Chinese youngsters at a loss over family trees

2013-02-14 05:08:52 GMT2013-02-14 13:08:52(Beijing Time)  Xinhua English

China's decades-old family planning policy has had the effect of shrinking family trees over time, leaving younger people with fewer relatives.

However, the rules that dictate which titles are used to refer to different relatives are still boggling the minds of these same young Chinese.

In traditional Chinese families, where all brothers live under the same roof with their parents even after they are married and have children of their own, the terms "aunt," "uncle" and "cousin" are far from enough to address everyone.

A child has to call his mother's sister "yi ma" (maternal aunt) and the woman's spouse "yi fu." If his mother has several sisters, they are addressed in relation to their age, from "eldest yi ma" and "second yi ma" down to "youngest yi ma."

A mother's brothers are called "jiu jiu" (maternal uncle) and the spouse "jiu ma," also determined by the ages of the relatives in question.

The situation is even more complicated on the father's side of the family. A father's elder brothers are called "bo bo," but the younger ones are "shu shu," which can be confusing even for adults.

There is also a multitude of titles used to describe cousins, as well as elder brothers and sisters. And those are just for direct relations -- the naming conventions become even more complicated when it comes to one's parents' cousins and their spouses.

Some of these words are already being phased out, as the oldest members of the one-child generation born in the 1970s have now become parents themselves. Their children know nothing of aunts, uncles and cousins, since their parents come from single-child families themselves.

A poll of 489 people conducted by the Xinhua News Agency from Saturday to Tuesday found that 72 percent of respondents could not address their relatives properly.
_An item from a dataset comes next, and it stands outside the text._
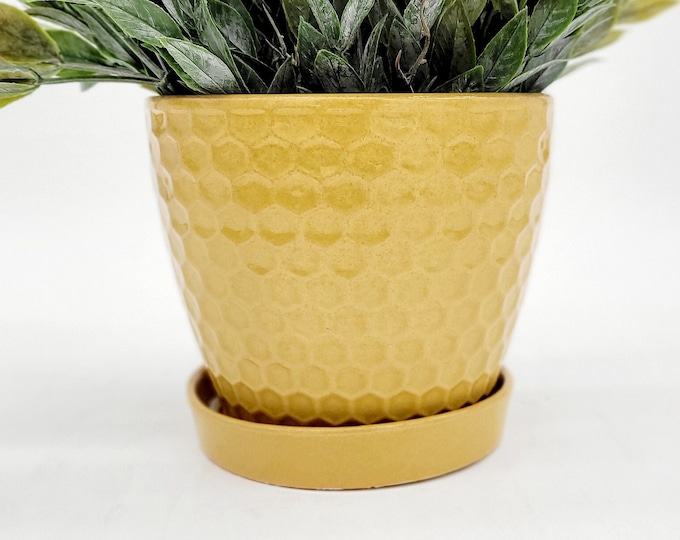 5 Mustard Yellow Planter Pot With Saucer Drainage Hole Etsy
While only less than 20 percent of the respondents said they could manage to address most people properly with their parents' help, nearly 40 percent claimed that even their parents often argue about what to call a distant aunt or uncle.
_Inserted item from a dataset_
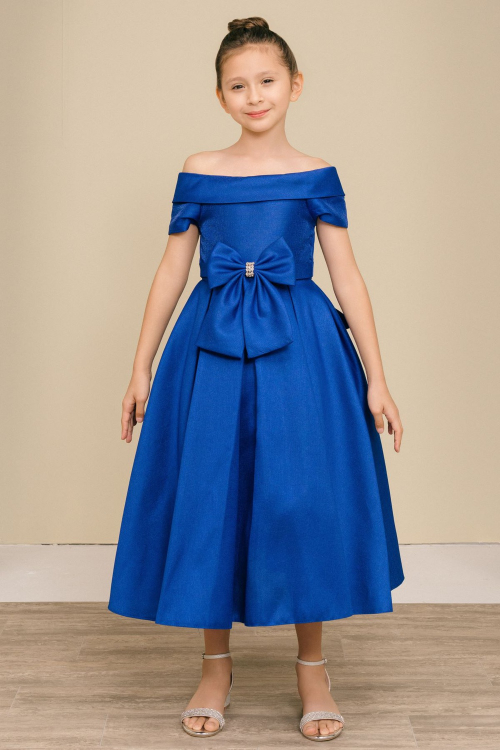CC_9177_Royal_Blue - Girls Dress Style 9177 - Royal Blue Off-the-Shoulder Satin Dress with Rhinestone Bow - Royal Blue - Flower Girl Dresses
Wang Fenghui, a college student in Shanghai, said it is "perfectly normal" for him to be unaware of what he should call his mother's cousin.
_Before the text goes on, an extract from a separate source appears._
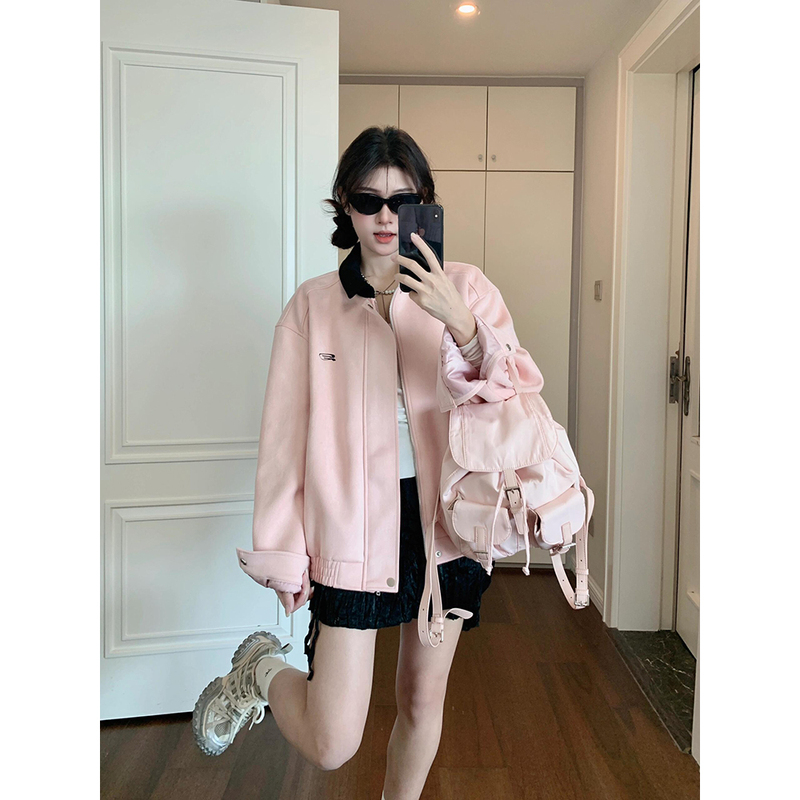 American-Style Pink Suede Jacket for Women, Spring and Autumn 2024 New High-End Workwear Baseball Jacket Pilot Jacket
"I grew up in the city and know very little of our relatives who still live in the countryside," said Wang. "We meet twice a year at most. We meet during Lunar New Year and occasionally during Tomb-Sweeping Festival in the spring, when we worship our ancestors together."

When Mu Jin returned from Sydney to her hometown in Nanning, capital of south China's Guangxi Zhuang autonomous region, her first challenge was figuring out what to call her great-grandmother's younger sister. "I was really frustrated by how poor my Chinese was."

Dr. Zeng Fanzhen, a Suzhou University sociologist specializing in Chinese genealogy, said Chinese family trees quite likely represent the most complicated and hierarchical familial system worldwide.

"But the one-child policy and rapid urbanization have downsized families and blurred blood relations," Zeng said.

Larger families are hoping to restore their genealogy to enhance family cohesion among the younger generation, Zeng said.

"This will hopefully help to sustain traditional Chinese family relations, which are an important part of Chinese folk culture," Zeng said.